Keeping Valid State in Memory
A design rule where domain objects enforce their own invariants so every instance is guaranteed to be correct.
Keeping valid state in memory means that an object (struct) can never exist in an incorrect state. If you hold a reference to it, you know it's valid. You don't need defensive checks scattered across handlers, and you don't have to worry about calling a Validate() method.
You achieve this through two mechanisms working together. First, constructors that validate all inputs before creating an object. Second, unexported fields that prevent anyone from bypassing those rules. The only way to create or modify the object is through its public methods, and each method enforces the transition rules.
type Order struct {
id OrderID
items []Item
shipped bool
}
func NewOrder(id OrderID, items []Item) (*Order, error) {
if id == "" {
return nil, errors.New("order ID is required")
}
if len(items) == 0 {
return nil, errors.New("order must have at least one item")
}
return &Order{
id: id,
items: items,
shipped: false,
}, nil
}
func (o *Order) Ship() error {
if o.shipped {
return ErrAlreadyShipped
}
o.shipped = true
return nil
}
Outside the order package, there's no way to build an Order except through NewOrder. The constructor rejects empty IDs and empty item lists. Every state transition goes through a method that checks the current state before changing it. No caller can flip the shipped field directly or skip a rule by assigning to a field.
The practical benefit is huge. When you're sure that every object you work with is correct, you stop writing if checks everywhere. You stop being afraid to touch code because you aren't sure of the side effects. Developing new features is much slower without confidence that you're using the code correctly.
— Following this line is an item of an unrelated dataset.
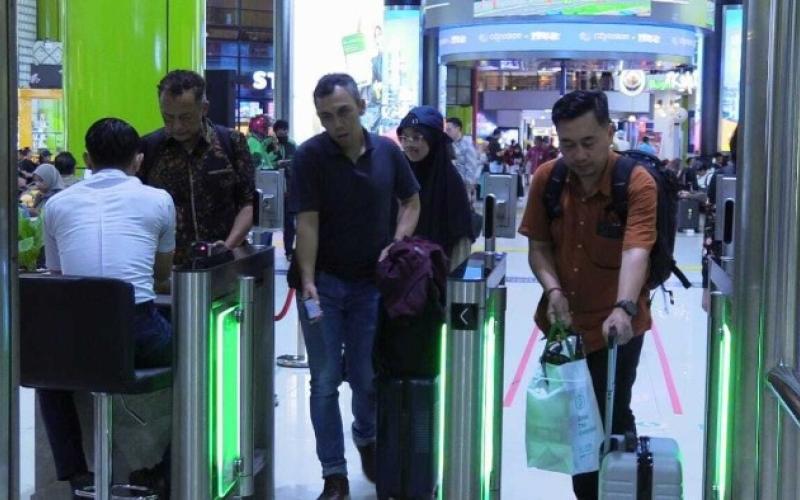 KAI Daop 2 Bandung Ajak Masyarakat Maksimalkan Diskon untuk Liburan Akhir Tahun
This rule pairs naturally with value objects and entities. Value objects are immutable and validated at creation. Entities guard their state transitions through methods. Aggregates extend this idea to a cluster of objects that must stay consistent together. The Factory Pattern helps when creation logic is complex enough to deserve its own place.
One thing to watch for: the zero value. Go initializes structs to their zero value, which may not be a valid domain state. You can expose an IsZero() bool method to detect an Order that wasn't built through the constructor.
func (o Order) IsZero() bool {
return o.id == ""
}
Use it at the boundaries where a zero value could sneak in. For example, a function that operates on an Order should guard against receiving an uninitialized one:
func CapturePayment(o Order) error {
if o.IsZero() {
return errors.New("order is not initialized")
}
// charge the customer, record the payment, etc.
return nil
}
Without the check, a zero Order would slip through and CapturePayment would run against an invalid order. IsZero turns that silent bug into an explicit error at the edge.
References
- Introduction to DDD Lite: When microservices in Go are not enough — Introduces 'always keep a valid state in the memory' as the second rule of DDD Lite. Shows how unexported fields and constructors guarantee the Hour domain object is always valid.
- Combining DDD, CQRS, and Clean Architecture in Go — References the 'always keep a valid state in memory' rule when building the Training domain entity. Shows how constructor validation and encapsulated fields ensure the Training is always valid.
- Safer Enums in Go — Applies the valid-state-in-memory idea to enums. Struct-based enums keep structures always in a valid state in memory, making business logic easier to work with.
- Database Transactions in Go with Layered Architecture — Uses encapsulation to keep the User aggregate model always valid in memory. The only way to change state is by calling exported methods, preventing invalid transitions.